I love potatoes and apparently, I am in good company! The US consumes more than 41 billion pounds of potatoes each year! Though usually known for the carbs they have, potatoes can actually be good for you - one medium potato (5.3 ounces) with the skin is packed with essential vitamins and minerals including potassium, and provides 45 percent of the recommended daily value of vitamin C. It is also fat, sodium- and cholesterol-free. Just don’t fry it!
Ingredients
To marinate:
2 boneless, skinless chicken breasts
2 tsp paprika
1 tsp dried oregano
1 tsp dried thyme
½ tsp cayenne pepper (or chilli powder)
1 sp black pepper
1 clove garlic, crushed
½ tsp salt
½ tbsp olive oil
To grill:
1 tbsp whole coriander seeds
1 tsp cumin seeds
1 tsp whole black pepper
1 dry red chilli
½ tsp paprika
½ - 1 tsp celery salt
6 mixed, small potatoes (I used 2 blue, 2 fingerling & 2 purple)

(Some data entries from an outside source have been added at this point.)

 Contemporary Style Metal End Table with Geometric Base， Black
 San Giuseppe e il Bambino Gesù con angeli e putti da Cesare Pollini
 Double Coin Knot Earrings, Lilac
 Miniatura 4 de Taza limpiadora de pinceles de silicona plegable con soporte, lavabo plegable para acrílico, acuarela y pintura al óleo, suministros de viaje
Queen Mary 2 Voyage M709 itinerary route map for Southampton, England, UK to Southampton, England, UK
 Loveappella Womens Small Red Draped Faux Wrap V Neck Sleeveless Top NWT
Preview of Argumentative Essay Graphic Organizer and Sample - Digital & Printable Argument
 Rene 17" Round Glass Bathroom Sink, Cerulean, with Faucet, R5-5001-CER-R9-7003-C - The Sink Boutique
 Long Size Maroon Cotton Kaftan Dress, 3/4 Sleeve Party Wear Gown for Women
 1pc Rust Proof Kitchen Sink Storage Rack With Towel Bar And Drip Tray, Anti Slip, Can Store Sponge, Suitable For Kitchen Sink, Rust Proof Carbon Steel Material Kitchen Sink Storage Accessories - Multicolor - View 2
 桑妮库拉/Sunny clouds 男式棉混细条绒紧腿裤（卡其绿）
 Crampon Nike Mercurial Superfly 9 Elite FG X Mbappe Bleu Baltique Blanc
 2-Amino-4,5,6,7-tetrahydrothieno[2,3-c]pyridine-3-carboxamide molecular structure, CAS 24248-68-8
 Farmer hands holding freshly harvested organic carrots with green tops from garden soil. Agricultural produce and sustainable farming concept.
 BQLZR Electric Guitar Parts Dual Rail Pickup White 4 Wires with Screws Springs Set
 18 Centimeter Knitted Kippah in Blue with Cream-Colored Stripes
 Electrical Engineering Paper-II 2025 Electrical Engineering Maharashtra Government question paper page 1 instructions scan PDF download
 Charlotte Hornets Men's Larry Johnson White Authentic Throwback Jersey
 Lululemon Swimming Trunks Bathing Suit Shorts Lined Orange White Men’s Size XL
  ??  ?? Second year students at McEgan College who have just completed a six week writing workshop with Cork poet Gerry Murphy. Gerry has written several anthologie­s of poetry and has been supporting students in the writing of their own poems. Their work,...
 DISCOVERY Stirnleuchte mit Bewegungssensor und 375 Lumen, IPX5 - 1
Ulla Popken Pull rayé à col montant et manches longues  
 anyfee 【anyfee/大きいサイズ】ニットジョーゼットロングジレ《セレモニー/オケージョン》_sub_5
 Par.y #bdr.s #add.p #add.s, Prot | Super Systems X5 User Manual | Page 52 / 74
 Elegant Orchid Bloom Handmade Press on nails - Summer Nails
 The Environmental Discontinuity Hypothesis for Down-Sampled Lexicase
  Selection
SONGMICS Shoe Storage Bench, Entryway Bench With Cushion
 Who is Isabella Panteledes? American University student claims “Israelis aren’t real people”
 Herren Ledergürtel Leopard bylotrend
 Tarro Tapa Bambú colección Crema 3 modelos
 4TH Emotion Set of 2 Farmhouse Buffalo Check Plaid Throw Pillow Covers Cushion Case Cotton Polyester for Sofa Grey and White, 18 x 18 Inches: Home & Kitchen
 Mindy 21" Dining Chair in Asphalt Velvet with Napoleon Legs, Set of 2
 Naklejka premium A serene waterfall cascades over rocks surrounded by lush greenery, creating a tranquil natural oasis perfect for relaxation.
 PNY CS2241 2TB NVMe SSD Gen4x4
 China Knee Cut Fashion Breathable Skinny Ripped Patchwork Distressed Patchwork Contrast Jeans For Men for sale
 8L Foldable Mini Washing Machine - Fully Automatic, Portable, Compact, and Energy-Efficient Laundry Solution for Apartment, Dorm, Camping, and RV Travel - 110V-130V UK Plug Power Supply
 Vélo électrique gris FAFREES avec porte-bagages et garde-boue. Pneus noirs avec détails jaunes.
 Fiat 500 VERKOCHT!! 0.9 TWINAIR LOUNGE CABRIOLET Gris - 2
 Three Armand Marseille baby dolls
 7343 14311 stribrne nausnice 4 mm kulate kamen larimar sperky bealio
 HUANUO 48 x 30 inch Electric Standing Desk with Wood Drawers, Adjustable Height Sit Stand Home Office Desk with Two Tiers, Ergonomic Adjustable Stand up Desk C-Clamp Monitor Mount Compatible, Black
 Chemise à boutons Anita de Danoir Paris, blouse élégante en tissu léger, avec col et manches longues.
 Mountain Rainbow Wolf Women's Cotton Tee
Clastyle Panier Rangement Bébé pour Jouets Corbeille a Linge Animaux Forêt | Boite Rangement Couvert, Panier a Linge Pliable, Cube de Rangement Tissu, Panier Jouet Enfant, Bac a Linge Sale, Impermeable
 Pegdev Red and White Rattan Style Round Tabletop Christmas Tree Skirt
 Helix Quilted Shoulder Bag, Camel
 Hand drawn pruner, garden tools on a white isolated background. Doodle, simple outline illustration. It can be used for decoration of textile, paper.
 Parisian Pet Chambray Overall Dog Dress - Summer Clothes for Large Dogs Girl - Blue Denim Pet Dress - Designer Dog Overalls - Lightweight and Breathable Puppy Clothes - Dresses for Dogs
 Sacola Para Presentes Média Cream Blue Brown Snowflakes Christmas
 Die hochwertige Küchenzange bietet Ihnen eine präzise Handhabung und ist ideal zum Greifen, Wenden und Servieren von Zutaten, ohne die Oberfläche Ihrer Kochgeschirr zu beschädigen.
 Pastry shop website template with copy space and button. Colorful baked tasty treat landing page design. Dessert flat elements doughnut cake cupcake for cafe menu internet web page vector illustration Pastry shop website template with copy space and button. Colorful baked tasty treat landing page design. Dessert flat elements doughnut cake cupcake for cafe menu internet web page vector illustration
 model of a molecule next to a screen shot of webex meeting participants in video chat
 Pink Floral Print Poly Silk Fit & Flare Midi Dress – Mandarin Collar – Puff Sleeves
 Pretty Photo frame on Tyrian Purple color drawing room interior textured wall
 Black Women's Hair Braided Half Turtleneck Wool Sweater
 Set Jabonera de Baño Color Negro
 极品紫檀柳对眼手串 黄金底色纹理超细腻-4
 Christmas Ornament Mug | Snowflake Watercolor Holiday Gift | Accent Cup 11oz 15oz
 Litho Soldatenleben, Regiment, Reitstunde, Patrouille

2 heirloom tomatoes ( I used 1 green, 1 red. You can substitute with regular tomatoes)
6-8 baby red & yellow peppers (treasures from the farmer's market)
1 onion, peeled and cut in half
1 tbsp butter
½ tsp dry thyme
1 tbsp olive oil
Salt
Freshly ground black pepper
Method
In a large bowl, mix all the spices, salt and garlic well. Put in the chicken and ½ tbsp oil, mix to coat chicken well with spice mix. Cover and let marinate in the refrigerator for at least 3 hours.
Wash potatoes – leave skin on. Boil until just tender. Drain and set aside. In a bowl, mix olive oil, thyme, salt and pepper. Add whole tomatoes, peppers and cut onions. Let sit for about 10 minutes.
Grind into a coarse mix the coriander seeds, cumin, pepper and dry red chili. You want to be able to still see the coriander seeds. Mix in the paprika and celery salt. Spread the spice mix on a flat surface. Coat each chicken breast thoroughly with the mix, patting down so it sticks.
Meanwhile, heat a grill pan until very hot. This is going to almost an indoor barbeque, so there will be plenty of smoke! Make sure the exhaust is on and windows open. Brush pan with the olive oil mix and put chicken breasts on. Maintain the heat at medium high to high. Grill for 4-5 minutes. Flip over and brush with a little olive oil. Grill for another 4-5 minutes or until cooked (internal temp of 170 F.
Put on the tomatoes, peppers and onion, brushing over the tops with the olive oil. These should get grill marks on all surfaces and usually should be done along with the chicken.
(I usually put on a lid to cover the chicken through the last 2 minutes – I find it helps keep the chicken moist.
The chicken surface will turn dark brown to black because of the spice mix. It’s OK – in fact, this is where the goodness lies! )
Meanwhile, in a small sauté pan, melt butter. Toss the potatoes adding thyme, salt and pepper. I also put in some cayenne pepper for a little more spice. These will only take a couple of minutes.
To serve, divide the chicken and veggies between two plates.
Notes:
- Just use a regular large sauté pan if don’t have a grill pan.
- For the crust, you can adjust quantities of pepper and chilli to suit your palate. In the proportion given above, you can definitely feel a little heat!
- Mix up the veggies depending on what is in season or what you in the mood for. Mushrooms and beans work well too.